La fin de toutes choses est proche. Soyez donc sages et sobres, pour vaquer à la prière. Avant tout, ayez les uns pour les autres un ardent amour, car l’amour couvre une multitude de péchés. Exercez l’hospitalité les uns envers les autres, sans murmures. (1 Pierre 4.7-9)Sachez avant tout que, dans les derniers jours, il viendra des moqueurs avec leurs railleries, et marchant selon leurs propres convoitises. (2 Pierre 3.3)

Le Seigneur ne tarde pas dans l’accomplissement de la promesse, comme quelques-uns le croient ; mais il use de patience envers vous, ne voulant pas qu’aucun périsse, mais voulant que tous arrivent à la repentance. (2 Pierre 3.9)

Vous donc, bien-aimés, qui êtes avertis, tenez-vous sur vos gardes, de peur qu’entraînés par l’égarement des impies, vous ne veniez à déchoir de votre fermeté. Mais croissez dans la grâce et dans la connaissance de notre Seigneur et Sauveur Jésus-Christ.
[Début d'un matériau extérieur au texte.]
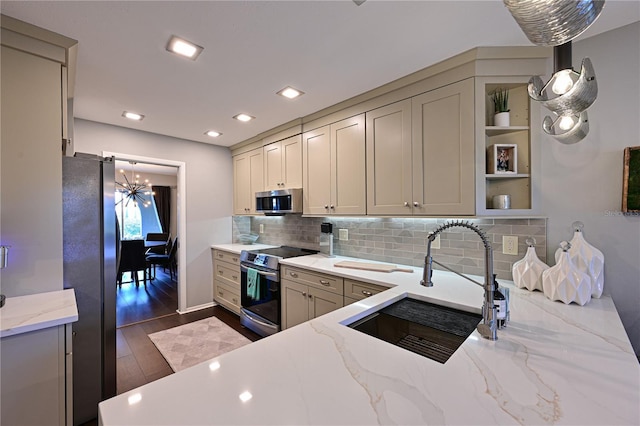 kitchen with decorative light fixtures, sink, light stone counters, stainless steel appliances, and dark wood-type flooring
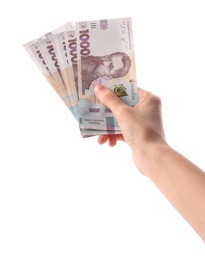 Woman holding Ukrainian money on white background, closeup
A lui soit la gloire, maintenant et pour l’éternité ! Amen ! (2 Pierre 3.17-18)

1. Le contexte historique

La première lettre de Pierre fut sans doute rédigée entre vers l’an 60 ou 64. On ne peut affirmer avec exactitude si sa rédaction a précédé ou suivi l’incendie de Rome. Sa deuxième lettre fut rédigée, sans doute quelques 3 ou 4 ans plus tard, alors qu’il était en prison à Rome et que Néron régnait encore sur l’Empire romain. Il écrivit celle-ci peu de temps avant de mourir comme martyr. Ses lettres étaient destinées à des églises qui entraient dans la deuxième, voire la troisième génération ; nous sommes en effet une trentaine d’années après la première Pentecôte.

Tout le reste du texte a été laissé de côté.